Activity -
Print the listing exactly as it stands, and skip any pictures in it.

Data excerpt START

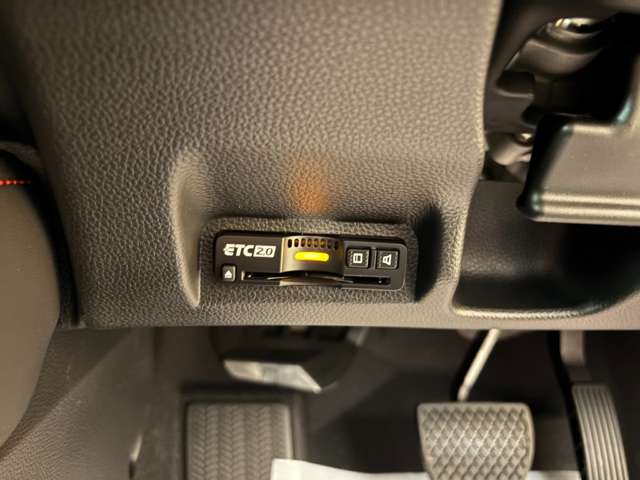 ホンダ ヴェゼル １．５ Ｅ：ＨＥＶ ＲＳ R8年 () 99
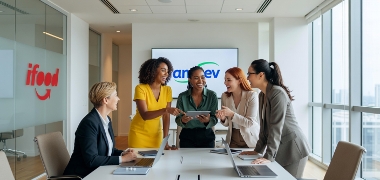 iFood e Ambev abrem milhares de vagas e bolsas para mulheres e grupos sub-representados na tecnologia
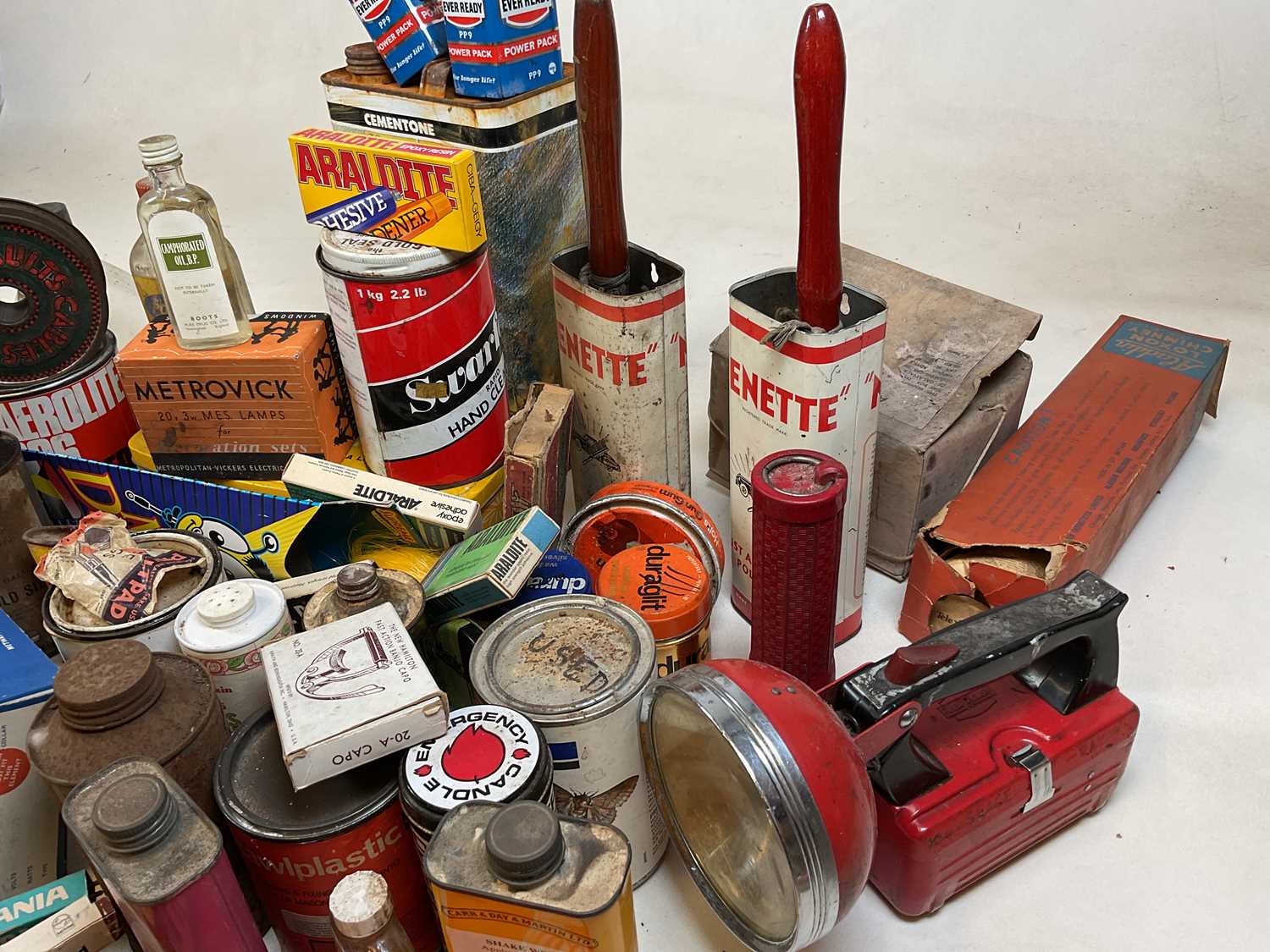 A collection of vintage tins and workshop finds including torches, car components, light bulbs, - Image 5 of 6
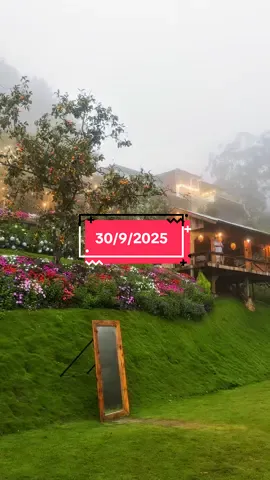 Khung cảnh nhà trong sương huyền ảo tại quán của tụi mình cuối tháng 9 #tiemcaphenhacuathong #reviewcaphe #chill #muahongdalat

Data excerpt END

Task solution -
 ホンダ ヴェゼル １．５ Ｅ：ＨＥＶ ＲＳ R8年 () 99
 iFood e Ambev abrem milhares de vagas e bolsas para mulheres e grupos sub-representados na tecnologia
 A collection of vintage tins and workshop finds including torches, car components, light bulbs, - Image 5 of 6
 Khung cảnh nhà trong sương huyền ảo tại quán của tụi mình cuối tháng 9 #tiemcaphenhacuathong #reviewcaphe #chill #muahongdalat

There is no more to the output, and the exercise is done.